The issue of student debt migrated from colleges to Congress and has become a talking point for the 2020 presidential election. In the first quarter of 2019, over 40 million people had federal student loans, a weight that's delayed people from buying homes, saving for retirement, starting businesses and even getting married.

The effects of student loan debt is something actor Michael Torpey from Orange Is the New Black witnessed firsthand as host of the game show Paid Off. On Monday, the show will return with the second cast of contestants and while they have varying back stories, the commonality, Torpey said, is that they're "phenomenal people" being held back from impacting their communities because of their student debt.

Torpey embraces the absurdity that, for some, a game show is their best bet at paying off their student debt. A serious topic, he also acknowledged that some may consider it a situation with no room for jokes or satirical laughter. Though, as a comedian, he told Newsweek humor can be beneficial.

"Comedy is disarming and can help give us perspective," he explained, adding that it can "embolden" people to take charge of their situation.

Before any questions are asked, contestants offer a brief biography of themselves, including the exact amount of their student debt. This openness to breach the walls surrounding the taboo topic of money, Torpey told Newsweek could have the ability to inspire viewers.

"If they see these people boldly saying, 'I owe $80,000.' Hopefully, they can say, 'They're taking ownership for their situation, maybe I can tackle this thing I've been avoiding that's too big to even say out loud,'" Torpey said.

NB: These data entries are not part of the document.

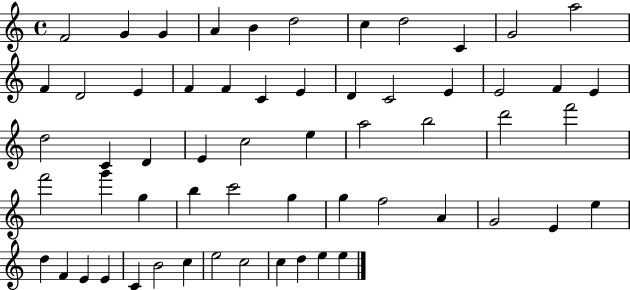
{
  \clef treble
  \time 4/4
  \defaultTimeSignature
  \key c \major
  f'2 g'4 g'4 | a'4 b'4 d''2 | c''4 d''2 c'4 | g'2 a''2 | \break f'4 d'2 e'4 | f'4 f'4 c'4 e'4 | d'4 c'2 e'4 | e'2 f'4 e'4 | \break d''2 c'4 d'4 | e'4 c''2 e''4 | a''2 b''2 | d'''2 f'''2 | \break f'''2 g'''4 g''4 | b''4 c'''2 g''4 | g''4 f''2 a'4 | g'2 e'4 e''4 | \break d''4 f'4 e'4 e'4 | c'4 b'2 c''4 | e''2 c''2 | c''4 d''4 e''4 e''4 | \break \bar "|."
}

For some contestants, their appearance on the show is the first time they've vocalized the amount of student debt attached to their name. While not an easy thing to do, the goal of the show is to raise awareness and Torpey credited sharing that information with helping people connect with contestants' stories.

"With 45 million Americans, we all know someone," Torpey said. "I want people to understand that if it's not your family member, then it's your friend, then it's your neighbor, then it's your coworker. It's in our communities, everywhere."

Forging connections to people on the television screen is something Torpey hopes inspires viewers to call their representatives. Now, he said, is the time to pressure people in power to take action toward whatever fix a person thinks is best, whether that be encouraging trade schools, debt relief programs or free tuition.

With the show being what Torpey called a "drop in the bucket" of the student debt crisis, the new airing will feature a call-in segment for viewers at home, the goal being to impact the lives of more than just 48 contestants. Three or four callers each night will be given three questions, each worth $1,000 each.

"There aren't many opportunities out there for people to pay off their student loans and insanely our show has become one of the top ones," Torpey said.